[ 
https://issues.apache.org/jira/browse/YARN-10532?page=com.atlassian.jira.plugin.system.issuetabpanels:comment-tabpanel&focusedCommentId=17267111#comment-17267111
 ] 

zhuqi edited comment on YARN-10532 at 1/18/21, 1:27 PM:
--------------------------------------------------------

The latest patch, double check the 

"An additional requirement we should keep in mind: 

Scenario A:
{code:java}
- At time T0, policy signals scheduler to delete queue A (an auto created 
queue). 
- Before the signal arrives to scheduler, an app submitted to scheduler (T1). 
T1 > T0
- When at T2 (T2 > T1), the signal arrived at scheduler, scheduler should avoid 
removing the queue A because now it is used.{code}
Scenario B:
{code:java}
- At time T0, policy signals scheduler to delete queue A (an auto created 
queue).
- At T1 (T1 > T0), scheduler got the signal and deleted the queue.
- At T2 (T2 > T1), an app submitted to scheduler.

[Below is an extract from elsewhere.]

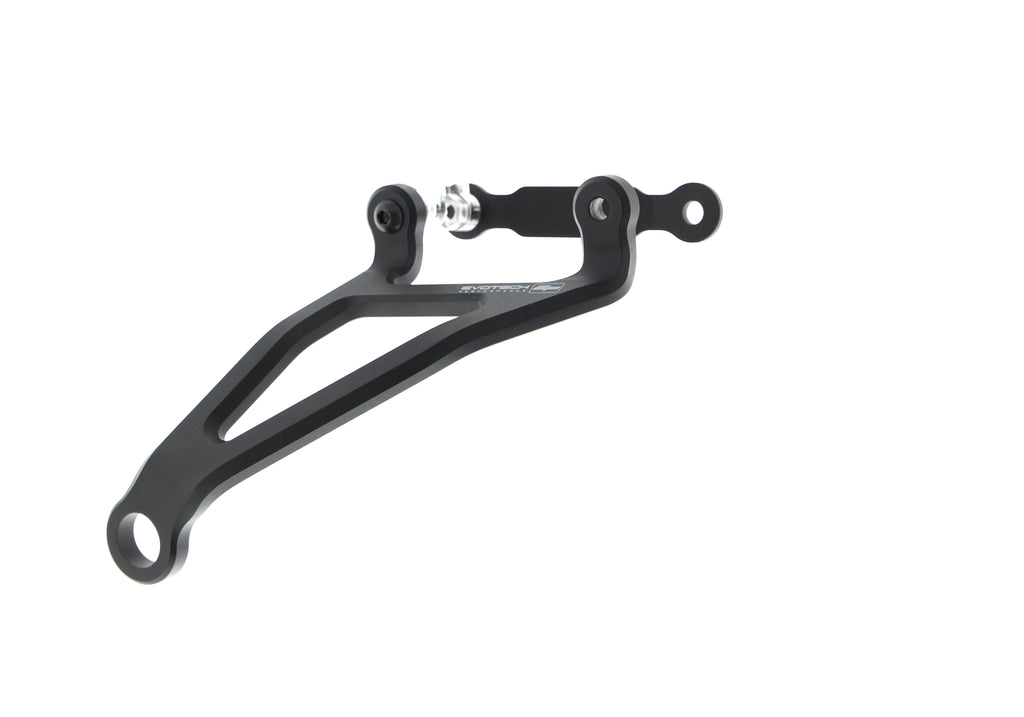 Evotech Ducati Monster 821 PIGADO DE ESCAPE Y PILSION Kit de extracción de footpeg (2018-2020)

Scheduler should immediately recreate the queue, in another word, deleting an 
dynamic queue should NEVER fail a submitted application.{code}
"

This will not happen:

Scenario A confirmed by :

Double check before deletion, pass the latest last submitted time, and get 
before remove again and compare them. All will in the queue write lock.
{code:java}
// Double check for the lastSubmitTime has been expired.
// In case if now, there is a new submitted app.
if (queue instanceof LeafQueue &&
    ((LeafQueue) queue).isDynamicQueue()) {
  LeafQueue underDeleted = (LeafQueue)queue;
  if (underDeleted.getLastSubmittedTimestamp() != lastSubmittedTime) {
    throw new SchedulerDynamicEditException("This should not happen, " +
        "trying to remove queue= " + childQueuePath
        + ", however the queue has new submitted apps.");
  }
} else {
  throw new SchedulerDynamicEditException(
      "This should not happen, can't remove queue= " + childQueuePath
          + " is not a leafQueue or not a dynamic queue.");
}

// Now we can do remove and update
this.childQueues.remove(queue);
this.scheduler.getCapacitySchedulerQueueManager()
    .removeQueue(queue.getQueuePath());

{code}
Signal will also update this in the write lock:
{code:java}
@Override
public void submitApplication(ApplicationId applicationId, String userName,
    String queue)  throws AccessControlException {
  // Careful! Locking order is important!
  validateSubmitApplication(applicationId, userName, queue);

  // Signal to queue submit time in dynamic queue
  if (this.isDynamicQueue()) {
    signalToSubmitToQueue();
  }

  // Inform the parent queue
  try {
    getParent().submitApplication(applicationId, userName, queue);
  } catch (AccessControlException ace) {
    LOG.info("Failed to submit application to parent-queue: " +
        getParent().getQueuePath(), ace);
    throw ace;
  }

}

// "Tab" the queue, so this queue won't be removed because of idle timeout.
public void signalToSubmitToQueue() {
  writeLock.lock();
  try {
    this.lastSubmittedTimestamp = System.currentTimeMillis();
  } finally {
    writeLock.unlock();
  }
}
{code}
Scenario B confirmed by :

in addApplication

and addApplicationOnRecovery.
{code:java}
//- At time T0, policy signals scheduler to delete queue A (an auto created 
queue).
//- At T1 (T1 > T0), scheduler got the signal and deleted the queue.
//- At T2 (T2 > T1), an app submitted to scheduler.
//
//Scheduler should immediately recreate the queue, in another word,
// deleting an dynamic queue should NEVER fail a submitted application.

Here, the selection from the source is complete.